**HOW TO COMPLETE THIS TASK**:
Strip the pictures and reproduce the rest of the listing exactly.

**INFORMATION SUPPLIED**:
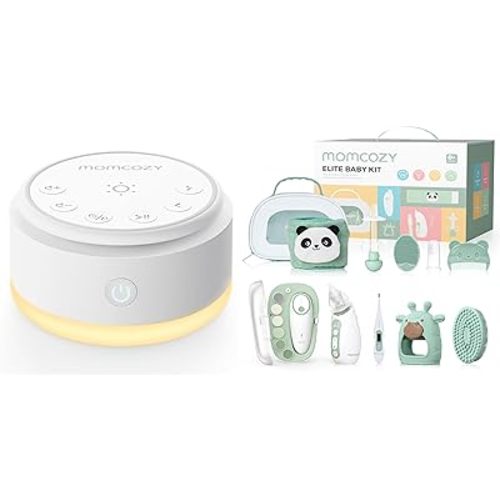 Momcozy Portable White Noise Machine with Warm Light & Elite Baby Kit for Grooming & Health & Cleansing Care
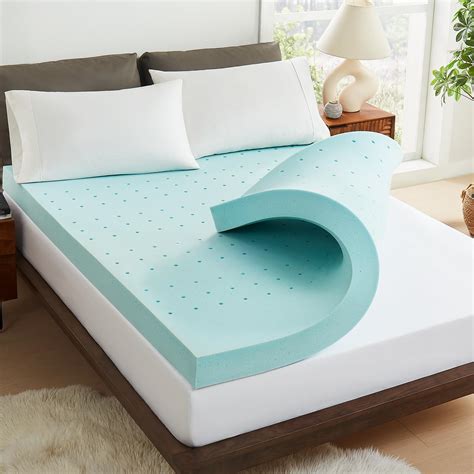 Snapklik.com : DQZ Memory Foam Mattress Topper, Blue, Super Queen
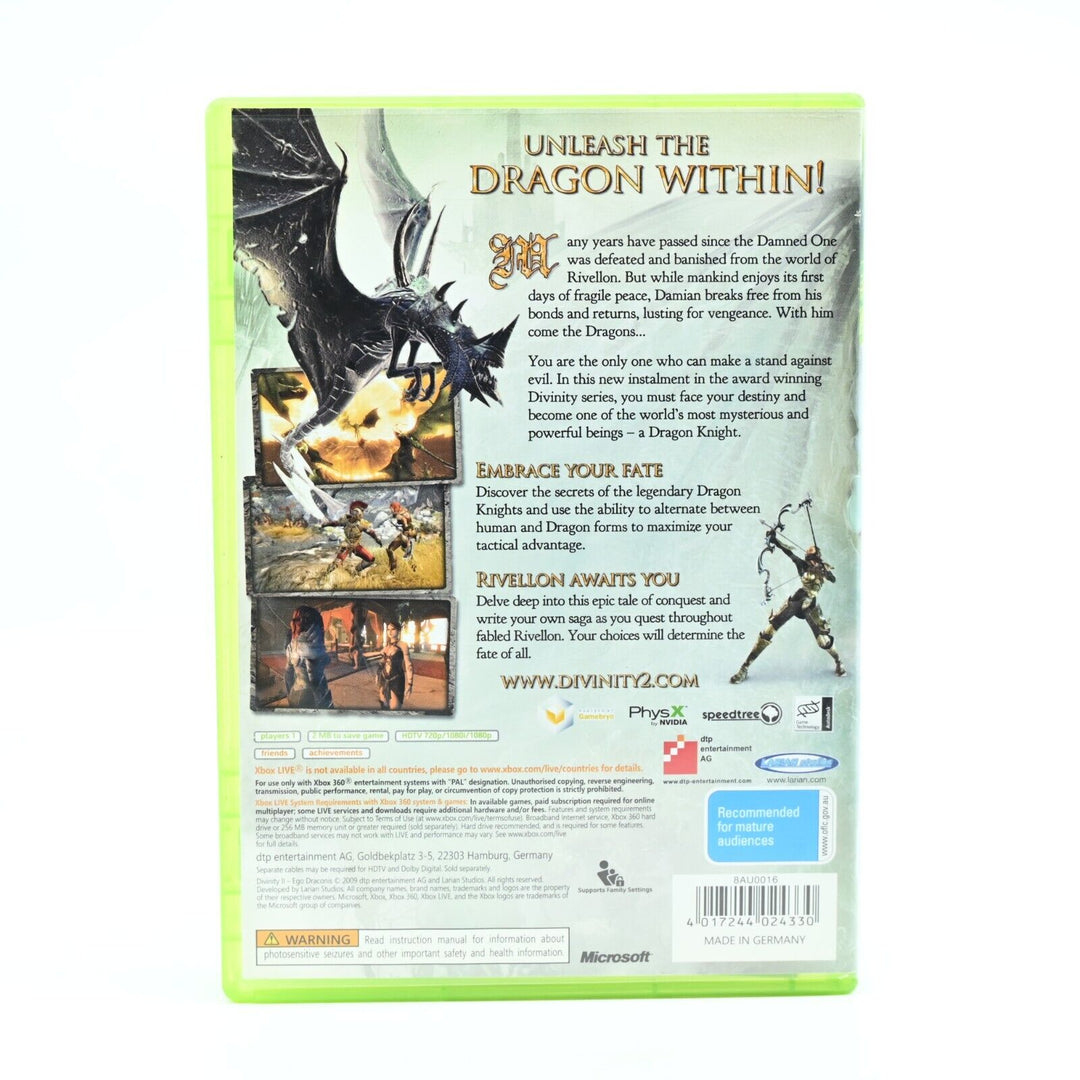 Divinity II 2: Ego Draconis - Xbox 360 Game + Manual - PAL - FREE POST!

**TASK OUTPUT**:
 Momcozy Portable White Noise Machine with Warm Light & Elite Baby Kit for Grooming & Health & Cleansing Care
 Snapklik.com : DQZ Memory Foam Mattress Topper, Blue, Super Queen
 Divinity II 2: Ego Draconis - Xbox 360 Game + Manual - PAL - FREE POST!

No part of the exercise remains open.